Their furious hopping must have paid off as the good Lord saw fit to take them in his arms soon afterwards, leaving the little Barnaby alone in the world, until one day a benevolent member of the Brotherhood came across him weeping in the woods and took him in. The Brotherhood was so named not because they were blind in the literal sense, but because they endured an elective blindness of the outside world and its nefarious ways, so that they would not be tempted from their righteous path. They were good men and kind, but life was monotonous and dry, and Barnaby had something of the spirit of adventure in his bones.


Barnaby exhaled a small groan as he hit the ground on the opposite side of the wall. His arms had grown strong through hard labour, but his belly was large from a hearty diet and need to eschew vanity. The Brotherhood had warned that there may be nuns nearby and the strapping physique of a man might agitate their baser instincts. It would not do to agitate a nun.

Tumbling a few feet on the mossy earth, Barnaby came to rest beneath a bushel. He stopped to catch his breath and glimpse the rolling twilight above, gently chasing sunset from the sky. As the first stars of the evening began to wink at him, he cast his mind back to that rare excursion to the local market, several weeks previous. Accompanied by one of the elders, Barnaby had been tasked with procuring garlic, the Brotherhood’s crop having been ravaged by weevils.
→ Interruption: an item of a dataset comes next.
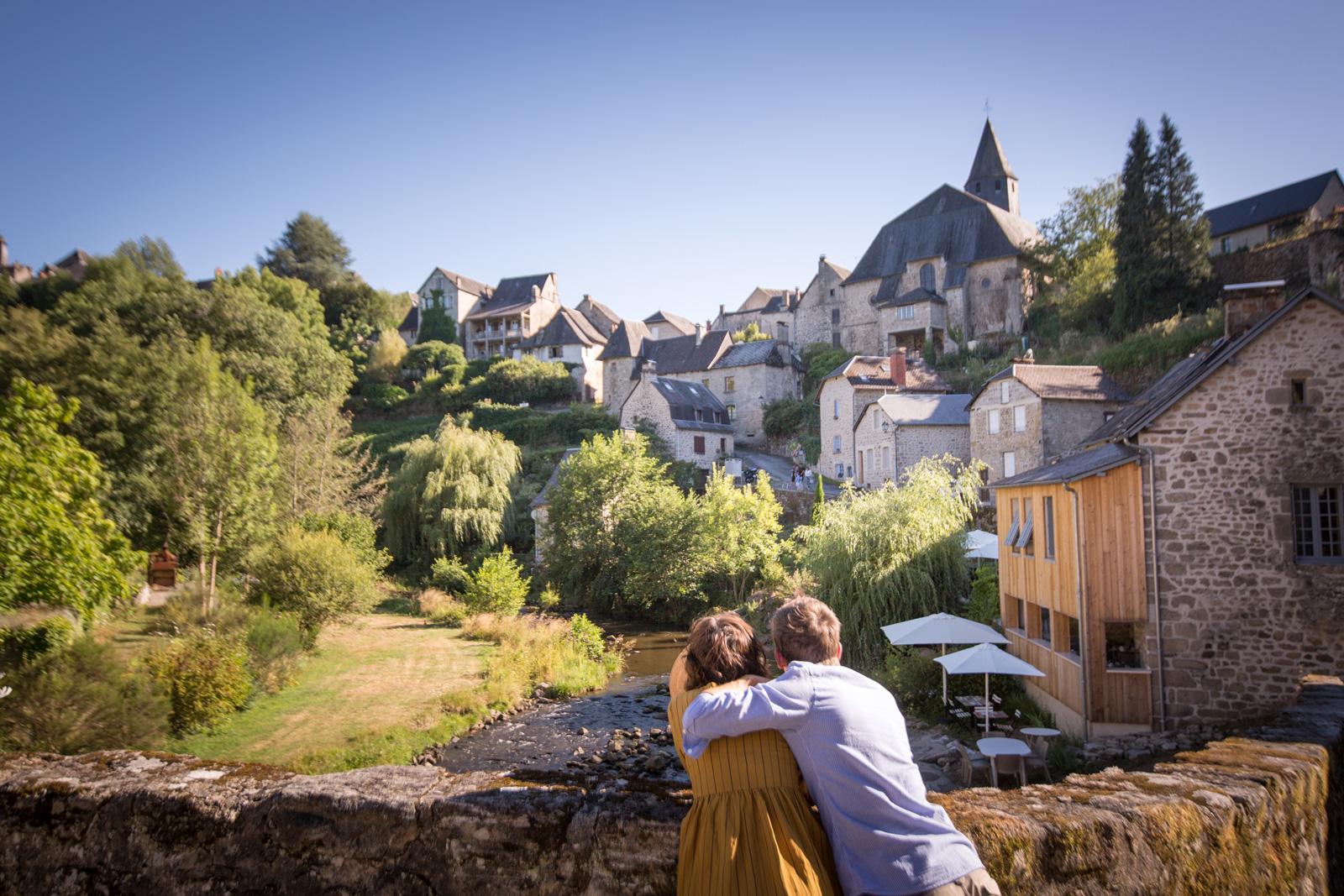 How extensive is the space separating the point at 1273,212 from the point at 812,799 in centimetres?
5297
The visit was short but in that brief time he heard wonderful tales woven among the chatter and bartering of the market. Tales of far away places, strange creatures and, most pertinently, wine, women and song. Barnaby like the sound of these enormously.
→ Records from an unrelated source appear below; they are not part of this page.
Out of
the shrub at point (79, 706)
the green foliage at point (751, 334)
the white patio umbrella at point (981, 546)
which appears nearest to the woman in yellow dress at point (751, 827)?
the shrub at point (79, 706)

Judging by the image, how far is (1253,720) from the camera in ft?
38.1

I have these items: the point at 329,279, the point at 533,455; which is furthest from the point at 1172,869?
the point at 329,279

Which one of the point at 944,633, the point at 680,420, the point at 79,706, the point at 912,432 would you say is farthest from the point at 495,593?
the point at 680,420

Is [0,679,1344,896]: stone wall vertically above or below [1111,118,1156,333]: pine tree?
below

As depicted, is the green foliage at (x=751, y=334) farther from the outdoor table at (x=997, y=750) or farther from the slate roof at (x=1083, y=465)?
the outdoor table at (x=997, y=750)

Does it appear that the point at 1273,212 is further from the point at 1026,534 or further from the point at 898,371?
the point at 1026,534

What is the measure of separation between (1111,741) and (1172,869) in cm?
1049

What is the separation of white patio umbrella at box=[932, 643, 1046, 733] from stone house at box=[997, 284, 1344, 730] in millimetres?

And so it was that he decided to escape the monastery for one night, to learn what he could about these curious entities. He had noted a tavern on one side of the market square and supposed that this was a good place to start. Scrabbling to his feet, he set off at a pace along the winding path that led down into the village.

Bereft of the hustle and bustle of commerce, the market square was eerie by night. But across the way the tavern blazed with light and laughter, the walls almost straining to contain the merriment within, leaking tantalising zephyrs of jocularity through the door and window frames. Barnaby thought to himself that surely here all of life could be found and his curiosities would be satisfied. A jaunty sign hung above the entrance, declaring the establishment to be named The Pickled Pig. Pushing open the door, several sets of eyes observed Barnaby’s arrival, followed swiftly by swirling whispers and, finally, an uneasy hush.

Stepping over the threshold, Barnaby gasped. Taking in the scene with a sweeping gaze he saw skins of every age and hue, apparel of unimagined types and, in the case of some of the ladies, apparel that was barely there at all. The air was heavy with a kind of smokey stickiness and now the only sound was of the Bar Tender’s cloth squeaking around an already clean glass.

“Good evening, Brother,” said the Bar Tender, clearing his throat. “What can we do for you?”

Barnaby drew himself up to his full height, which was fairly considerable.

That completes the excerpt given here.